— Уверяю тебя…
— Бедный мой оборотень, — сказала Катрин, целуя его в щеку.
Она помогла ему снова лечь, подоткнула одеяло, все с той же ласковой решимостью, которая расставляла все по своим местам и так удачно сочеталась с этим светом, тишиной и покоем школы. Раймон погрузился в сон.
Когда он проснулся, она сидела у его изголовья, вязала свитер. Она приподняла вязание, чтобы он смог рассмотреть.
— Правда, красиво получается?.. Ну как, тебе лучше?
— Уже есть хочется, — сказал Раймон.
Катрин от души рассмеялась, как будто она вызвала его голод и страшно этим гордилась.
— Все готово. Надеюсь, тебе по-прежнему нравятся наша кровяная колбаса и грибная похлебка… Ты там так изменился… Пойду подогрею… Я выстирала и погладила твое белье… Кстати, можешь шуметь. Мы одни.
— Спасибо, Катрин.
Он был страшно растроган. Чистая рубашка, безупречная стрелка на брюках и все остальное: запах дома, ветер гор, раздувающий занавески… Смешно, но у него прямо горло перехватывает… Внизу Катрин гремела кастрюлями. Он вдруг вспомнил мелодию песни: «Я тебя обнимал…» Обнимать Катрин… И больше ни о чем не думать!.. Он спустился вниз, остановился на пороге классной комнаты. С доски еще не стерли пример на сложение. Под стеклом меры объема, веса, строго выстроенные оловянные и медные гирьки… карта Франции, глобус, на стенах — лучшие детские рисунки… Все понятно и ясно.

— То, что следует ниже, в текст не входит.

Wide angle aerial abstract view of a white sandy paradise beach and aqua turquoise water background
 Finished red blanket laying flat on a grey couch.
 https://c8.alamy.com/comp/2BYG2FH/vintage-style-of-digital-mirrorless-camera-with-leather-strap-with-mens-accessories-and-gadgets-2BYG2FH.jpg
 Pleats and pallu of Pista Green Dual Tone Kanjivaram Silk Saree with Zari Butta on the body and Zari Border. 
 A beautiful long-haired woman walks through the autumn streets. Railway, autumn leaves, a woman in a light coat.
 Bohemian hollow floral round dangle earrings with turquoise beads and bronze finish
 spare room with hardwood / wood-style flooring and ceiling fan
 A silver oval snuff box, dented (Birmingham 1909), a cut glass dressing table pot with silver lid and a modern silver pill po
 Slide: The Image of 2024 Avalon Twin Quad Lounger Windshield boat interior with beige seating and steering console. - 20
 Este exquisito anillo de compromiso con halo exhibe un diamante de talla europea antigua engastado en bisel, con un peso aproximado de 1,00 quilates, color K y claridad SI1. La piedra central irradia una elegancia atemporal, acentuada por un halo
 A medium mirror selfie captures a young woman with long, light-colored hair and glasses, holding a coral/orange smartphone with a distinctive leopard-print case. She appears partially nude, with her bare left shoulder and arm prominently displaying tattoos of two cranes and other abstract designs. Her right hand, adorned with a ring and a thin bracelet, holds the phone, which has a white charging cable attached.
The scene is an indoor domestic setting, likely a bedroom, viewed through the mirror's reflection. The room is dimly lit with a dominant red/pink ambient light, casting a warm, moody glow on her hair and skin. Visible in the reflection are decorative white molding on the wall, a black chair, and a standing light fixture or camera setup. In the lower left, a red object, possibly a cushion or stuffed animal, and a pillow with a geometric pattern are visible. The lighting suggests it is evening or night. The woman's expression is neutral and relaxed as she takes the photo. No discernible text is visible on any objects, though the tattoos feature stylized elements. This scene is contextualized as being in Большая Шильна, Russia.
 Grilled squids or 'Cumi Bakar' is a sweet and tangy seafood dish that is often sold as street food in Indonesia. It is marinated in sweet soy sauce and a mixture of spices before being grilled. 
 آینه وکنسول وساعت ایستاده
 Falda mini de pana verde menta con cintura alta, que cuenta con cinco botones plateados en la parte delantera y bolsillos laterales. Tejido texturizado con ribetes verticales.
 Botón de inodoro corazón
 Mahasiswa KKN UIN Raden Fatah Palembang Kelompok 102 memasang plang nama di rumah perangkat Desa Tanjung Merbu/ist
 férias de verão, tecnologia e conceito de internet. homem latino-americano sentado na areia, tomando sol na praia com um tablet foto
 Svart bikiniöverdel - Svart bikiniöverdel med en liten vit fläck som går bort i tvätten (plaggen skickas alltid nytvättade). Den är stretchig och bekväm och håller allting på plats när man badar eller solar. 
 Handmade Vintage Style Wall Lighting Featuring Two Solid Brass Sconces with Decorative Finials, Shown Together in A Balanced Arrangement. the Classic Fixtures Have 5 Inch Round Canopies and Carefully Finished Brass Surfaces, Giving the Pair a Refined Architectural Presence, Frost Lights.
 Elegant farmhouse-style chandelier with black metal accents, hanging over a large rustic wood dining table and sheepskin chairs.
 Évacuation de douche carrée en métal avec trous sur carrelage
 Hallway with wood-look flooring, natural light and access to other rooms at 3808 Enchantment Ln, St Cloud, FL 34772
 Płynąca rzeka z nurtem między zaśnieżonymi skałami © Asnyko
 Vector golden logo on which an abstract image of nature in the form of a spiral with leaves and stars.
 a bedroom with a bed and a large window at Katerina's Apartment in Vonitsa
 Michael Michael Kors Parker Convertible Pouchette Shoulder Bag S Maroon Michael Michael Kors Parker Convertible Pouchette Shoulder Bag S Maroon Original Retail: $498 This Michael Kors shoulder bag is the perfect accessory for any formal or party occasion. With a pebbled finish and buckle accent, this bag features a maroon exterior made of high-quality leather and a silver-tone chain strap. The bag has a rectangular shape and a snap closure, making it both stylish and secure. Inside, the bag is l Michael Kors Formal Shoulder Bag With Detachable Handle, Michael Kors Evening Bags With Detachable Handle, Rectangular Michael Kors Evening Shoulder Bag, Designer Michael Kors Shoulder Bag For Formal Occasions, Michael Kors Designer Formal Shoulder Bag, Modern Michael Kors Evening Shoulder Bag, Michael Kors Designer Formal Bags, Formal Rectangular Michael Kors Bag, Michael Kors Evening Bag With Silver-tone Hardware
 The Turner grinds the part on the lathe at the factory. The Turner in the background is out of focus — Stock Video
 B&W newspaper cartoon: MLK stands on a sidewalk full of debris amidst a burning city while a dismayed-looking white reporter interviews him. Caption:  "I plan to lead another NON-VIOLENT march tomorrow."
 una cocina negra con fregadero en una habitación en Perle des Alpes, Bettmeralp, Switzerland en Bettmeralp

И никакого обмана! Он вошел в кухню, и Катрин, словно так и надо, подставила ему щеку для поцелуя.
— Садись вот здесь… Видишь, у меня тесно.
Она убрала со стула газеты.
— Я покупала все, в которых писали о тебе… Получилась целая кипа.
Все так же улыбаясь, она налила Раймону супа.
— Горячо! Не обожгись.
Она смотрела, как он ест. Он чувствовал, что напряжение спадает. Наступила минута, когда он откинулся на спинку стула, положил руки на скатерть ладонями вниз и улыбнулся.
— Ну как? — спросила она. — Приходишь в себя?.. Прошло твое безумие?
— Ой, давай не будем об этом, — устало произнес он. — Мне все равно от этого не избавиться, ты же понимаешь.
— Все дело в твоей подружке… этой Валери…
— Кати! Не будь злюкой!
— Ты ее любишь?
— При чем тут это? Какое отношение имеет одно к другому? Что она могла мне сделать?
— Господи, Раймон, каким же ты можешь быть глупым, когда захочешь!.. Подумай же, наконец!.. Ты никого не убивал, но получалось так, будто ты убил всех троих. Значит, непременно кто-то постарался, подтасовал карты.
— Во всяком случае, не Валери.
— Правда?.. Тогда объясни мне, что произошло с твоей пижамой?
— А что с ней произошло?..
— Ты сказал, что Жода повесили на поясе от твоей пижамы. А тебе не пришло в голову, что Валери просто спрятала его, когда вы вернулись домой, чтобы создать видимость улики?
— Это ни в какие ворота не лезет!
— Даже так! Ты говоришь, что задушишь Жода; приходишь к нему, а он мертв; повесился на поясе, который как две капли воды похож на твой… И хочешь, чтобы твоя милая подружка упустила такую возможность?.. Нет?.. Не доходит? Разве тебе не ясно, что, как только Валери получила возможность сказать: «Это Раймон убил Жода», ты оказался у нее в руках?.. Я, мол, пыталась его удержать, побежала следом, но опоздала…
— Ей-богу, ты ревнуешь!
— И что с того?.. Тебе повезло, что я ревную… потому что зато я прекрасно вижу всю подоплеку твоего безумия! Только женщина может разобраться в женских интригах!
— Но, Кати, какая надобность Валери держать, как ты говоришь, меня в руках?
Катрин горько рассмеялась и пожала плечами.
— Сама невинность!.. Да ты стал ее собственностью… ты больше пальцем не мог шевельнуть, не получив у нее разрешения. Думаю, таким шлюхам нравится, когда они могут помыкать теми, кто их содержит… Я уж молчу о другом… что просто бросается в глаза.
— Не говори только, что это она убила Коринну.
— К несчастью, она никого не убивала… Во всяком случае, пока. Если дать ей такую возможность, она прикончит тебя… Ты не читал, что она сообщила прессе?
Раймон протянул руку к графину с вином, но Катрин опередила его.
— Нет… С этим покончено!.. Если бы ты меньше пил!..
— А ты поставь меня в угол!
В глазах Катрин блеснули слезы.
— Зря я так о тебе беспокоюсь, — прошептала она.